--- START ---

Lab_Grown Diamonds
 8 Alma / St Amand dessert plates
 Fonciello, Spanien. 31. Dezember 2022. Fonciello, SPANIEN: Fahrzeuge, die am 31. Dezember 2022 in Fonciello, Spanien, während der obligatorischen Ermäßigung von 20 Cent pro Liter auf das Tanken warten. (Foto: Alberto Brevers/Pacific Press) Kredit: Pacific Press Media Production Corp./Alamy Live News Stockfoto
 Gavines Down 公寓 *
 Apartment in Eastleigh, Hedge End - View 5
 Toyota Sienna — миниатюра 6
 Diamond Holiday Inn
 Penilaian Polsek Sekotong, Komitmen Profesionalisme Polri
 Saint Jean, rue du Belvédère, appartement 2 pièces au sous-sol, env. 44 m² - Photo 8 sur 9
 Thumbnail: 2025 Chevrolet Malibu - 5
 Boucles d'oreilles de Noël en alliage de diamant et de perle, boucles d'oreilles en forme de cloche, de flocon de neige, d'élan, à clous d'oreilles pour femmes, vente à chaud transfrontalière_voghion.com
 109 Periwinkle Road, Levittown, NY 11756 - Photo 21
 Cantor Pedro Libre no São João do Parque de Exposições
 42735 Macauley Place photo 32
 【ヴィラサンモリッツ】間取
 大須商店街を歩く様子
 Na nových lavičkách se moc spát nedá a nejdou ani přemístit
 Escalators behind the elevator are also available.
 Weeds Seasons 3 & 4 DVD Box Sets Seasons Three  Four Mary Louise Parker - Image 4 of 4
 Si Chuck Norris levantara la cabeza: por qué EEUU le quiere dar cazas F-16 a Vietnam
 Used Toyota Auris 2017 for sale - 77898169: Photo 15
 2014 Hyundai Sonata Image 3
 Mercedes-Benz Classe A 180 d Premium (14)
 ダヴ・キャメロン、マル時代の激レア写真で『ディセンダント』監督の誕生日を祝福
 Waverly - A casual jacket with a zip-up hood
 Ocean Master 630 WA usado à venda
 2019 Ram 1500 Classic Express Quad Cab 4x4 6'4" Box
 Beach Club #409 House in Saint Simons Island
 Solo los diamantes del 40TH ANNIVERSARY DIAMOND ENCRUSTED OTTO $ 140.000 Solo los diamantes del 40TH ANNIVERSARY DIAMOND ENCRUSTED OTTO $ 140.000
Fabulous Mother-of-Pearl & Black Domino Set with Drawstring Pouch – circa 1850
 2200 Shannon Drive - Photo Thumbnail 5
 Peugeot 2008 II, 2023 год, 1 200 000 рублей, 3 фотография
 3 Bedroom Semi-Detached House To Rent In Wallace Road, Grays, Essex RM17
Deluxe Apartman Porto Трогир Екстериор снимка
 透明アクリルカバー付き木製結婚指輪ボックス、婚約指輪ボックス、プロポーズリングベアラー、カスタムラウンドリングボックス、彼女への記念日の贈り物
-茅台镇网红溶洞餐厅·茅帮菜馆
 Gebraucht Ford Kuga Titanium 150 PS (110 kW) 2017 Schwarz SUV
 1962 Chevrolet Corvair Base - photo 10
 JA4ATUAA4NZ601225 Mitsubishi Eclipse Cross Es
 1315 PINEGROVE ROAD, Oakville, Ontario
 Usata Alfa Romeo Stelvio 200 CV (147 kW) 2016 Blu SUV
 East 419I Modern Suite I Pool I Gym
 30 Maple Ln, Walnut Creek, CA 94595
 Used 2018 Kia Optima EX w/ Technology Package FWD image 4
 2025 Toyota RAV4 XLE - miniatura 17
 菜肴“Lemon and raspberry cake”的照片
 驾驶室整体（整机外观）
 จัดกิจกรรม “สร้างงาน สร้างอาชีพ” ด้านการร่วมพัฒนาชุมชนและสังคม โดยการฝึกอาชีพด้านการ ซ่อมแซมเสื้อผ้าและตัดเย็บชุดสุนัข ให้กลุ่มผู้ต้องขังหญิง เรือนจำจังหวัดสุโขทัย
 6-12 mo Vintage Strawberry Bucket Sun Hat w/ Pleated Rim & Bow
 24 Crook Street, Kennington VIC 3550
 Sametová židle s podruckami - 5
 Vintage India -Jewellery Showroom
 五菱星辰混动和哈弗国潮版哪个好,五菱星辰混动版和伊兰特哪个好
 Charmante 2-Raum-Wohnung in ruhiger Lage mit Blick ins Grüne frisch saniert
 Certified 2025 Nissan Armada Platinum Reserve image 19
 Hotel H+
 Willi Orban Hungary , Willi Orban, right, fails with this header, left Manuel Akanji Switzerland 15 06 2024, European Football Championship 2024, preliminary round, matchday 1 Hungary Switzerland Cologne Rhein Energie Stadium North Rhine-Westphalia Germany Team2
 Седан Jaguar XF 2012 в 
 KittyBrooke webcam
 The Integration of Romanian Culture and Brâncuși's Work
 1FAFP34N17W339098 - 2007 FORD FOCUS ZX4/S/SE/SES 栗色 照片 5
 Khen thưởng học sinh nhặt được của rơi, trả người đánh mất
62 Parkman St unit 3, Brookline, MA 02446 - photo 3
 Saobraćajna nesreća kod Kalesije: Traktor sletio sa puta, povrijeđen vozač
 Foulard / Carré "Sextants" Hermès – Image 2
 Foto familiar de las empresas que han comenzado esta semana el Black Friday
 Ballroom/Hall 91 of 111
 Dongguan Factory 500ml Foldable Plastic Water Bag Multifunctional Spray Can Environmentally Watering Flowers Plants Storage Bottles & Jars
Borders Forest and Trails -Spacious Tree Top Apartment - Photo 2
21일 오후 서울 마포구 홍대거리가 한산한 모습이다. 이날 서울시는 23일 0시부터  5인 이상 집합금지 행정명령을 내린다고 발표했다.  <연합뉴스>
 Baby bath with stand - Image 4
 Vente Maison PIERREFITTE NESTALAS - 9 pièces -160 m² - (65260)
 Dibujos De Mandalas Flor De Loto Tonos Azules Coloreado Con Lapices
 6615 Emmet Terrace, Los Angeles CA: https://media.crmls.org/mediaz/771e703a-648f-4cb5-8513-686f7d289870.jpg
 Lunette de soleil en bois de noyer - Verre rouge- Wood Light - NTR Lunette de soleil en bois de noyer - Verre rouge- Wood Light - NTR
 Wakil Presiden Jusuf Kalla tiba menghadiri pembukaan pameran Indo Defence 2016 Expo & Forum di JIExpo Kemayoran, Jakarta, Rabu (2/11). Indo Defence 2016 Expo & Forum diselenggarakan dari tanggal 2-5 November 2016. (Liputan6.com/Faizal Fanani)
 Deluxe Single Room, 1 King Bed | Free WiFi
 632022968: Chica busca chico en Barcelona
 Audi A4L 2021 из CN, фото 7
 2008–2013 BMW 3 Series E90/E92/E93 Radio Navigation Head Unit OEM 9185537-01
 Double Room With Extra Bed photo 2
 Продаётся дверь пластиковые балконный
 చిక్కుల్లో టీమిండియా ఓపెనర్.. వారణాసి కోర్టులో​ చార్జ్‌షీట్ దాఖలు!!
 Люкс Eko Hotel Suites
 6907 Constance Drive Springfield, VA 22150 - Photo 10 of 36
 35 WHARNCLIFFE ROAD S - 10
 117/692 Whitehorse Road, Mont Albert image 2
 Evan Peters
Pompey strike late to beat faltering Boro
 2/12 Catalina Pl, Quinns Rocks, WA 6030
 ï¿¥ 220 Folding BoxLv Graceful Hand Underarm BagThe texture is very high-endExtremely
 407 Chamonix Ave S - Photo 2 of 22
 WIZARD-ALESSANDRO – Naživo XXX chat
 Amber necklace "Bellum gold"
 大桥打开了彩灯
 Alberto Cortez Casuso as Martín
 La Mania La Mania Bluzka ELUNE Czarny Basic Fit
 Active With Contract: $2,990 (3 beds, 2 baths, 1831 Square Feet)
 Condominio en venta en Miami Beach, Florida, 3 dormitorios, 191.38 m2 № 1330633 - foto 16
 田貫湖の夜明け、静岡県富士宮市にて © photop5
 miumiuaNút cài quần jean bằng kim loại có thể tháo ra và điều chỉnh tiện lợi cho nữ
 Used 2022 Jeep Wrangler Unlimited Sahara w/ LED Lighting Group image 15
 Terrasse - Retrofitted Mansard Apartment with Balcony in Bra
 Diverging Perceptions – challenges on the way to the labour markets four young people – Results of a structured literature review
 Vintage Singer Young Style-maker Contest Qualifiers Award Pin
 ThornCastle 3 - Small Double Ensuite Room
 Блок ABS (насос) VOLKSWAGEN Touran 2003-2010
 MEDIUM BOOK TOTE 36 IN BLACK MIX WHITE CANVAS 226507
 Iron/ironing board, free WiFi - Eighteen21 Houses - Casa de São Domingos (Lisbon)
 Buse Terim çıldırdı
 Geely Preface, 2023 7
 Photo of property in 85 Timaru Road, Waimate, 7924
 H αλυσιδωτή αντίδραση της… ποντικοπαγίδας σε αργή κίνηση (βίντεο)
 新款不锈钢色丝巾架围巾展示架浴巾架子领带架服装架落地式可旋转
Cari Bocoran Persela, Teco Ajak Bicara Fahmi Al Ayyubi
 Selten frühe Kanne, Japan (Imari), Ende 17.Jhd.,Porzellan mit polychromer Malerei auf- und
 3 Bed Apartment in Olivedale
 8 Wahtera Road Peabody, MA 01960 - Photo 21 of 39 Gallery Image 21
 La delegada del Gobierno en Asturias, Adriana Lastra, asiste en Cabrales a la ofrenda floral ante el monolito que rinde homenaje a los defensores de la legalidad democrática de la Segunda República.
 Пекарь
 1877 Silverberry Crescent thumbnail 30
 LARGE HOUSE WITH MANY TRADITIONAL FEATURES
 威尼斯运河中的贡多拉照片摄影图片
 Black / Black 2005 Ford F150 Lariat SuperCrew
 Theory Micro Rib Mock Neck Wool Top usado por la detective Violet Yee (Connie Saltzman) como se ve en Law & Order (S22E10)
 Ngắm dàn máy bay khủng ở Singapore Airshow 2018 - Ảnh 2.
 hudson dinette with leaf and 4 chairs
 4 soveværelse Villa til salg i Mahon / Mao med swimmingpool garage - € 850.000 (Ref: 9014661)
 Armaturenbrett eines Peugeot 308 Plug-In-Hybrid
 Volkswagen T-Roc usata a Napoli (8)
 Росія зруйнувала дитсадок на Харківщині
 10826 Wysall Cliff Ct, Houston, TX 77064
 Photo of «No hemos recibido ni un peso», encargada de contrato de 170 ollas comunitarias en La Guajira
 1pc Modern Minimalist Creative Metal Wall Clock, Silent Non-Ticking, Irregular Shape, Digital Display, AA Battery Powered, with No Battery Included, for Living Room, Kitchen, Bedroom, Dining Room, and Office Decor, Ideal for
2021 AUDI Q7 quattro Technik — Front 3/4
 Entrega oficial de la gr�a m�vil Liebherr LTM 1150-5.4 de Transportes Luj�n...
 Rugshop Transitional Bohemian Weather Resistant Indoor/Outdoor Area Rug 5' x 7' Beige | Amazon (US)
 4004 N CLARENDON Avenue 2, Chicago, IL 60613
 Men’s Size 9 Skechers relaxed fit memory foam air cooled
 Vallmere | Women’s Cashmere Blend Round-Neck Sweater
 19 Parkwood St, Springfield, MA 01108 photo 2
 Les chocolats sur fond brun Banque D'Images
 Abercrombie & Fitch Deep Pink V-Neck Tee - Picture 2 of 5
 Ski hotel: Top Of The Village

--- END ---

◆ WHAT THE EXERCISE ASKS
I'd like an exact copy of the lines above, from the very first one through the line that contains "Penilaian Polsek Sekotong, Komitmen", with nothing else added.

◆ RESPONSE TO THIS TASK
Lab_Grown Diamonds
 8 Alma / St Amand dessert plates
 Fonciello, Spanien. 31. Dezember 2022. Fonciello, SPANIEN: Fahrzeuge, die am 31. Dezember 2022 in Fonciello, Spanien, während der obligatorischen Ermäßigung von 20 Cent pro Liter auf das Tanken warten. (Foto: Alberto Brevers/Pacific Press) Kredit: Pacific Press Media Production Corp./Alamy Live News Stockfoto
 Gavines Down 公寓 *
 Apartment in Eastleigh, Hedge End - View 5
 Toyota Sienna — миниатюра 6
 Diamond Holiday Inn
 Penilaian Polsek Sekotong, Komitmen Profesionalisme Polri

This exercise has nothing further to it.